No matter who comes out on top on Election Day, it is likely that all our hopes and fears for the next few years will be crushed by a signal economic fact: our nation will be carrying roughly $20 trillion in debt that will need to be serviced, and this dismal reality will erode our ability to lead secure and comfortable lives.
Taxes will certainly go up, yet federal government support for children, students, the elderly, and the poor will shrink as we divert money to pay the interest on our mind-boggling debt. This same scenario will play itself out at the state and municipal level, and the additional problem of paying public pensions that are eating up more and more tax revenue is going to dominate a great many budget discussions as fewer and fewer workers try to support more and more retirees.
This is not to say, however, that it does not matter who wins on Election Day. The nominations made by the next President to the Supreme Court and our Federal Courts, both of which hold ever-widening sway over our daily lives, will play a huge role in determining our futures. In addition, because the Presidency has become more and more a perch from which to issue executive orders in order to circumvent the legislative process, whoever occupies the Oval Office in January is going to wield incredible power over our nation. Finally, the long-deferred and much-debated issue of how to deal with our nation’s over 11 million illegal immigrants is going to be resolved by the Presidential election because the aforementioned control of the courts and power to issue executive orders will likely determine its resolution.

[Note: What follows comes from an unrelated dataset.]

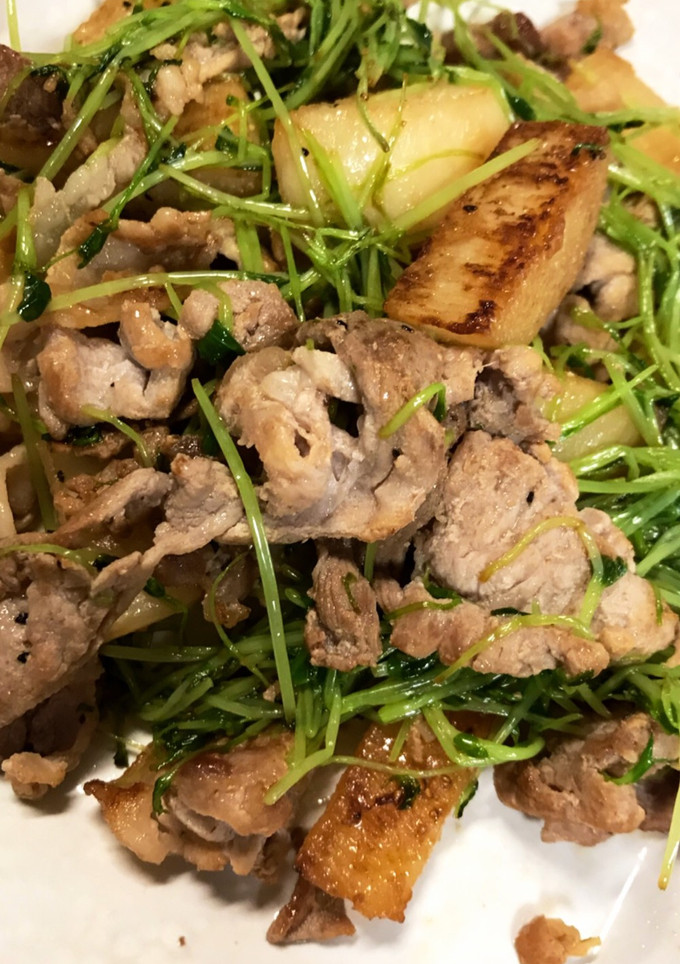 2回目の豆苗！長芋と豚コマ塩胡椒炒め♩-レシピのメイン写真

Because the Presidential candidates of our two major political parties this year offer voters such a stark choice of direction, the day after the election is, I strongly suspect, going to feel very much like a new chapter of our country’s history. Constrained by debt and taking the helm of a nation as politically divided as it has been for generations, the next Presidency is going to be one of impossible choices. Whoever takes office will be closely scrutinized, endlessly analyzed, and roundly criticized for every single action and inaction. I don’t envy the winner, and we can likely count on partisan fights verging on open warfare as whoever it is attempts to steer the ship of state in one direction or the other.
Nonetheless, I hope we can, to the extent humanly possible given the enormity and complexity of the issues facing us, respect the political process while discussing more and attacking less. The day after the election—and the many days after that—we are all going to occupy the same patch of earth together. We need to do so with as much civility and respect as we can possibly muster if we want to avoid yet more frustration, fighting, and fracturing as we try to move forward.
Unless you are planning to build a spaceship and set off for Mars, the people with whom you are fighting today will continue to be your neighbors tomorrow—and every day thereafter.
Remember that.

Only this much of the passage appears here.